In the special anniversary issue of Communications of the ACM [February 1997], William Wulf draws upon Asian art to urge us to undertake an interstitial dialogue of exactly the sort we contemplate today. "As in oriental art and gardens," Wulf says, "a full appreciation requires a look at these spaces to discover the relationships." Wulf offers as examples the work of IATH scholars like Jerry McGann and Ed Ayers. It is both inevitable and important that we hear today about the methodologies of hypertextual historiographers like Ed, textual theorists like Jerry and my Vassar colleague Nancy Ide, and Willard McCarty. We will need to consider specific instances of scholarly work with data sets and data bases, text encoding and texts, image annotation and recognition, electronic publication and communication, global information systems, synchronous and asynchronous virtual communities, search engines and software agents, immersive computer environments and simulations, and the several other areas of humanities computing which are represented here today and whose methodologies I would not presume to characterize in detail.

Instead, I wish to touch on broad methodological perspectives and interstitial relationships. The American poet Charles Olson defines methodology as "how to use yourself and on what." I want to talk about the uses to which we humanists put ourselves in computing environments, and what spaces we inhabit and increasingly create. Humanists create potentiated spaces in computer environments. By "potentiated spaces" I mean the kinds of morphogenetic computational objects that H. Van Dyke Parunak sees as a variety of artificial intelligence—where human beings supply the inferences, connections, and natural language processing which computers cannot provide.
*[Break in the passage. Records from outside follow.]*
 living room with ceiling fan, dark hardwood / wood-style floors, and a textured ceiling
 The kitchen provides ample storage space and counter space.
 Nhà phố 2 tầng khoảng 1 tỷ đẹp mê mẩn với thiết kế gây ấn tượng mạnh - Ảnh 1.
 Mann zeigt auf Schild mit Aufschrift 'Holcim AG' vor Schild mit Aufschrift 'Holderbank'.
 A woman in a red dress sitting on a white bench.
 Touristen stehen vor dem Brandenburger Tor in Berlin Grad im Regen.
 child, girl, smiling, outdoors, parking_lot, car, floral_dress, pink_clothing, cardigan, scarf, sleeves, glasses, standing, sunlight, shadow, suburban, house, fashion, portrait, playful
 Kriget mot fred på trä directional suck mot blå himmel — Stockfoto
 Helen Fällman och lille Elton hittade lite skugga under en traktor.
I want to characterize a few of these methodological spaces or perspectives for you.

The first such space is what we might call aporetic space, the space of doubt, skepticism, and consideration which eventually yields possibility, valorization, persistence, and meaning. In his ACM essay, Wulf says that looking at computational objects rather than spaces "can be distracting and misleading, focusing on the 'now' rather than the 'can be.'" While humanists might agree with him about the distraction, I hope that in the spirit of today's dialogue I can suggest a potentiated space of difference. For a humanist might amend Wulf's comment to say that we must focus on both the "can be" and the "continues."

We are surely not the first, but we are surely the most self-conscious age in terms of seeing ourselves living before a constantly impending future. In our technologies, our cultures, our entertainments and, increasingly, the way we constitute our communities and families, we live in an anticipatory state of constant "nextness." There is, of course, a branch of philosophy, eschatology—the study of ultimate destinies—which concerns those who see themselves as inhabiting the time before the future. Eschatological ages have both their virtues and their particular vices. The chief virtue is hope, that constant anticipation of the next which keeps us poised, unsettled and open to change. The chief vice is, paradoxically, inaction—a self-satisfied belief that there is no need to act in the face of a decisive and imminent history.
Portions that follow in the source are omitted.